# Glass Beaded Aluminum El Grande



## Stevej72 (Apr 11, 2008)

Here is a picture that I took using Gerry's tutorial. It is an aluminum El Grande that has been glass beaded. No other finish on it. The picture shows the light tent I used with three 6500K bulbs. I used the 18% grey card to get an exposure of 1/40 at f8.  And, I used my expodisc to set the white balance.  I tried the auto and a couple of the flourescent preset white balance settings, but they didn't work.

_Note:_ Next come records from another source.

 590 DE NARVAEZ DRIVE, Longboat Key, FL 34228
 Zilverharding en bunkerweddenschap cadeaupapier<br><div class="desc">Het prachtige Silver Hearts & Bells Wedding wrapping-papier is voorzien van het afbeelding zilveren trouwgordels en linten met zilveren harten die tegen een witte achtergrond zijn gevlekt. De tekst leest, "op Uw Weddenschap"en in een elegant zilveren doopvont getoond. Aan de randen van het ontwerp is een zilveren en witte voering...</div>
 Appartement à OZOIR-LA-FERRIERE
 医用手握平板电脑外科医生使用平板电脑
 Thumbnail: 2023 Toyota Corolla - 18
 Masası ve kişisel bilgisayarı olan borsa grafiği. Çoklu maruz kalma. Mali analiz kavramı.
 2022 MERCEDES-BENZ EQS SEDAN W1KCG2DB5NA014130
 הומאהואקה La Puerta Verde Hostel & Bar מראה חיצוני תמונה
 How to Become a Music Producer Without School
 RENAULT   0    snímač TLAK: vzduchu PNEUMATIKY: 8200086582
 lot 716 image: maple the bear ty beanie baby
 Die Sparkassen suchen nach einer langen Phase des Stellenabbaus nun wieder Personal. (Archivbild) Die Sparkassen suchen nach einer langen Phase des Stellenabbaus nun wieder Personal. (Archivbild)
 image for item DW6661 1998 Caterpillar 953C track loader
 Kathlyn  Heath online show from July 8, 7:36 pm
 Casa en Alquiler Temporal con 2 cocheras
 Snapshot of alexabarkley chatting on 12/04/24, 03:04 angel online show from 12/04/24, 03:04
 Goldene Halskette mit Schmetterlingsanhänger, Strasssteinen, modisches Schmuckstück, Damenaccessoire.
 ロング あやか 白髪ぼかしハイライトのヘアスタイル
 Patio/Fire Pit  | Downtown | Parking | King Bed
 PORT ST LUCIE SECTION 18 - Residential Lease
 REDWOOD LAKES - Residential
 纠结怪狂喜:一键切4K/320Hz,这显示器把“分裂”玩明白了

I plan to get the plexiglass and 5500K CFL bulbs that Gerry recommends.


----------



## gerryr (Apr 11, 2008)

Looks to my like the lights you have work.  I wouldn't spend the money on different ones.


----------



## Stevej72 (Apr 12, 2008)

Thanks, Gerry, my wife already think I spend too much money.


----------



## Dalecamino (Apr 17, 2008)

That's good work Steve ! Looks to me like you've nailed it . I too read Gerrys tutorial . I really needed to !! Thanks Gerry ! No , Thank You Very Much !! I will read it again and again , until I get it right .  [8D]


----------



## Dalecamino (Apr 17, 2008)

And nice pen too , Steve !![8D]


----------



## redfishsc (Apr 17, 2008)

Very sleek and elegant pen. I bet it's awesome to write with.


----------